= Shag Point Branch =

The Shag Point Branch was a short branch off the Main South Line on the east coast of the South Island of New Zealand. It left the main line about nine kilometres north of Palmerston at the small settlement of Shag Point to provide railway access to a nearby supply of coal. It was built in 1879 and ran until 1934.

==Construction and operation==
Authorisation was granted to build the line in 1878 and was built wholly to serve the Shag Point Coal Company, whose engineer supervised construction in 1879. Records exist of traffic using the line in June that year, though the official opening was not held until 18 August. The line was roughly three kilometres in length and it was shunted when required by passing freights on the Main South Line. Traffic declined as the 20th century began, and on 1 April 1908, the New Zealand Railways Department (NZR) stopped serving the line.

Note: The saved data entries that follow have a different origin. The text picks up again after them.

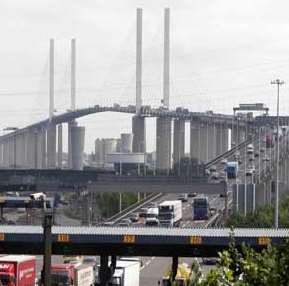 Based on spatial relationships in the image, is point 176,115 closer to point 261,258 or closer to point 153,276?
point 153,276

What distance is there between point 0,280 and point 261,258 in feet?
59.2

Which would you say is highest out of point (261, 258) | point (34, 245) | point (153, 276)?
point (261, 258)

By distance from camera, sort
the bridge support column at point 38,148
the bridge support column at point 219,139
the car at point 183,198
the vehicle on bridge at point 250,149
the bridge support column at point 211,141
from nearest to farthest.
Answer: the car at point 183,198, the vehicle on bridge at point 250,149, the bridge support column at point 219,139, the bridge support column at point 211,141, the bridge support column at point 38,148

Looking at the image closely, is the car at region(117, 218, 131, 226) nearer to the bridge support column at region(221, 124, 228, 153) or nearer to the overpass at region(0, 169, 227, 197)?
the overpass at region(0, 169, 227, 197)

This, however, was not the end for the branch. It passed into the ownership of the Shag Point Coal Company, who privately operated the line for a quarter of a century. At different points during this time, the company owned two small ex-NZR tank locomotives. Activity picked up in the 1920s but then the Great Depression began and the mine did not survive. The mine closed in 1934 and therefore so did the line.

==Today==
Little remains of this line. The rusted remains of the local wharf are clearly evident, and the line approached this wharf through a cutting. Evidence of the line's formation can be seen near where it met the Main South Line at Shag Point station. Part of the formation has been re-used as a road serving some houses in the small fishing village.